──────── Supplied data ────────

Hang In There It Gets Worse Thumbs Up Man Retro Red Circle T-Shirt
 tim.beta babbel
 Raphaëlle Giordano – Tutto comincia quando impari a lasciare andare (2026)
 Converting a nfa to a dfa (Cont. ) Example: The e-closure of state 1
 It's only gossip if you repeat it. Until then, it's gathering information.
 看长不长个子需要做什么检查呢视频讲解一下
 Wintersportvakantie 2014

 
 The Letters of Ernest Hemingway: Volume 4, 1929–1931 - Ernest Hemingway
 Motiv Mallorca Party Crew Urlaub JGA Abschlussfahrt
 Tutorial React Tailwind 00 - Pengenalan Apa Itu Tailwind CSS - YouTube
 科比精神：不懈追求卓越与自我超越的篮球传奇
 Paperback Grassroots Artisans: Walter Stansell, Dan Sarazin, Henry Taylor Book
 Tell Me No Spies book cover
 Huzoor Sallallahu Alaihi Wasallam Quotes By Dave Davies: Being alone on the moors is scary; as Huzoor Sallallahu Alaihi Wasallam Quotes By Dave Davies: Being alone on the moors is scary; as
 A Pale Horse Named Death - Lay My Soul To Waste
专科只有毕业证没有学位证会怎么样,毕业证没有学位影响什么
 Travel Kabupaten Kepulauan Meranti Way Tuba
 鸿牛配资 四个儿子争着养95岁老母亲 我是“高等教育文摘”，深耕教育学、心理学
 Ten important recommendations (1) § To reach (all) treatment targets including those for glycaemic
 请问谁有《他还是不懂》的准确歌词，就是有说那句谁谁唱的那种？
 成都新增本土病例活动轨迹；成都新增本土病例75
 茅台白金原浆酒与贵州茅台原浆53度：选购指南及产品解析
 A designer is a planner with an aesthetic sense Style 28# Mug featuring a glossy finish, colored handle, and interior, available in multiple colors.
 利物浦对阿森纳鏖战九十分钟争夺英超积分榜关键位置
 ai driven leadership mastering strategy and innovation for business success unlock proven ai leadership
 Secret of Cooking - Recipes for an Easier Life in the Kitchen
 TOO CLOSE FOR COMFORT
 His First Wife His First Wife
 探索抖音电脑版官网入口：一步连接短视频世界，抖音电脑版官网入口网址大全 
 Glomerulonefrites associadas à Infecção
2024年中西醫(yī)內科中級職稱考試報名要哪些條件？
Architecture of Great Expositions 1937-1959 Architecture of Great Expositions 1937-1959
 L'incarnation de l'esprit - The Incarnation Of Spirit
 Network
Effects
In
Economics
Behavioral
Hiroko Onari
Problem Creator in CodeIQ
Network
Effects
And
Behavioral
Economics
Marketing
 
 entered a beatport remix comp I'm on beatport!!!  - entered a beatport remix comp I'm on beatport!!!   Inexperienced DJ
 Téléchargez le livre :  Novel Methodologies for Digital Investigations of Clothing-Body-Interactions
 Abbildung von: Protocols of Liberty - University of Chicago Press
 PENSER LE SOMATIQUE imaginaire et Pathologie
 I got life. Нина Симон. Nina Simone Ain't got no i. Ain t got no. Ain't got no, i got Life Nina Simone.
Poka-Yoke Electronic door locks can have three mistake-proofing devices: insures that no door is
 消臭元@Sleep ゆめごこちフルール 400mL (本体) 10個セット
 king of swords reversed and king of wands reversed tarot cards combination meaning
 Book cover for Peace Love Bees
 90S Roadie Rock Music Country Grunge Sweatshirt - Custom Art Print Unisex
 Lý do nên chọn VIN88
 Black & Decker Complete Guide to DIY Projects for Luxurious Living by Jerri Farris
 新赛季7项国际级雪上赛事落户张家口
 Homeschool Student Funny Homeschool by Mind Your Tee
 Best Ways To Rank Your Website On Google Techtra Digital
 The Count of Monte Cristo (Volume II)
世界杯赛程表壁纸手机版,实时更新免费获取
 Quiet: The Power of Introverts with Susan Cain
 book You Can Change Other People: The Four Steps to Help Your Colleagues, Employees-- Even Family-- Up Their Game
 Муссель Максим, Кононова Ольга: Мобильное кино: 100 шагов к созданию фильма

────────

[Required action]
Retype all of the data shown above, word for word.

[The answer]
Hang In There It Gets Worse Thumbs Up Man Retro Red Circle T-Shirt
 tim.beta babbel
 Raphaëlle Giordano – Tutto comincia quando impari a lasciare andare (2026)
 Converting a nfa to a dfa (Cont. ) Example: The e-closure of state 1
 It's only gossip if you repeat it. Until then, it's gathering information.
 看长不长个子需要做什么检查呢视频讲解一下
 Wintersportvakantie 2014

 
 The Letters of Ernest Hemingway: Volume 4, 1929–1931 - Ernest Hemingway
 Motiv Mallorca Party Crew Urlaub JGA Abschlussfahrt
 Tutorial React Tailwind 00 - Pengenalan Apa Itu Tailwind CSS - YouTube
 科比精神：不懈追求卓越与自我超越的篮球传奇
 Paperback Grassroots Artisans: Walter Stansell, Dan Sarazin, Henry Taylor Book
 Tell Me No Spies book cover
 Huzoor Sallallahu Alaihi Wasallam Quotes By Dave Davies: Being alone on the moors is scary; as Huzoor Sallallahu Alaihi Wasallam Quotes By Dave Davies: Being alone on the moors is scary; as
 A Pale Horse Named Death - Lay My Soul To Waste
专科只有毕业证没有学位证会怎么样,毕业证没有学位影响什么
 Travel Kabupaten Kepulauan Meranti Way Tuba
 鸿牛配资 四个儿子争着养95岁老母亲 我是“高等教育文摘”，深耕教育学、心理学
 Ten important recommendations (1) § To reach (all) treatment targets including those for glycaemic
 请问谁有《他还是不懂》的准确歌词，就是有说那句谁谁唱的那种？
 成都新增本土病例活动轨迹；成都新增本土病例75
 茅台白金原浆酒与贵州茅台原浆53度：选购指南及产品解析
 A designer is a planner with an aesthetic sense Style 28# Mug featuring a glossy finish, colored handle, and interior, available in multiple colors.
 利物浦对阿森纳鏖战九十分钟争夺英超积分榜关键位置
 ai driven leadership mastering strategy and innovation for business success unlock proven ai leadership
 Secret of Cooking - Recipes for an Easier Life in the Kitchen
 TOO CLOSE FOR COMFORT
 His First Wife His First Wife
 探索抖音电脑版官网入口：一步连接短视频世界，抖音电脑版官网入口网址大全 
 Glomerulonefrites associadas à Infecção
2024年中西醫(yī)內科中級職稱考試報名要哪些條件？
Architecture of Great Expositions 1937-1959 Architecture of Great Expositions 1937-1959
 L'incarnation de l'esprit - The Incarnation Of Spirit
 Network
Effects
In
Economics
Behavioral
Hiroko Onari
Problem Creator in CodeIQ
Network
Effects
And
Behavioral
Economics
Marketing
 
 entered a beatport remix comp I'm on beatport!!!  - entered a beatport remix comp I'm on beatport!!!   Inexperienced DJ
 Téléchargez le livre :  Novel Methodologies for Digital Investigations of Clothing-Body-Interactions
 Abbildung von: Protocols of Liberty - University of Chicago Press
 PENSER LE SOMATIQUE imaginaire et Pathologie
 I got life. Нина Симон. Nina Simone Ain't got no i. Ain t got no. Ain't got no, i got Life Nina Simone.
Poka-Yoke Electronic door locks can have three mistake-proofing devices: insures that no door is
 消臭元@Sleep ゆめごこちフルール 400mL (本体) 10個セット
 king of swords reversed and king of wands reversed tarot cards combination meaning
 Book cover for Peace Love Bees
 90S Roadie Rock Music Country Grunge Sweatshirt - Custom Art Print Unisex
 Lý do nên chọn VIN88
 Black & Decker Complete Guide to DIY Projects for Luxurious Living by Jerri Farris
 新赛季7项国际级雪上赛事落户张家口
 Homeschool Student Funny Homeschool by Mind Your Tee
 Best Ways To Rank Your Website On Google Techtra Digital
 The Count of Monte Cristo (Volume II)
世界杯赛程表壁纸手机版,实时更新免费获取
 Quiet: The Power of Introverts with Susan Cain
 book You Can Change Other People: The Four Steps to Help Your Colleagues, Employees-- Even Family-- Up Their Game
 Муссель Максим, Кононова Ольга: Мобильное кино: 100 шагов к созданию фильма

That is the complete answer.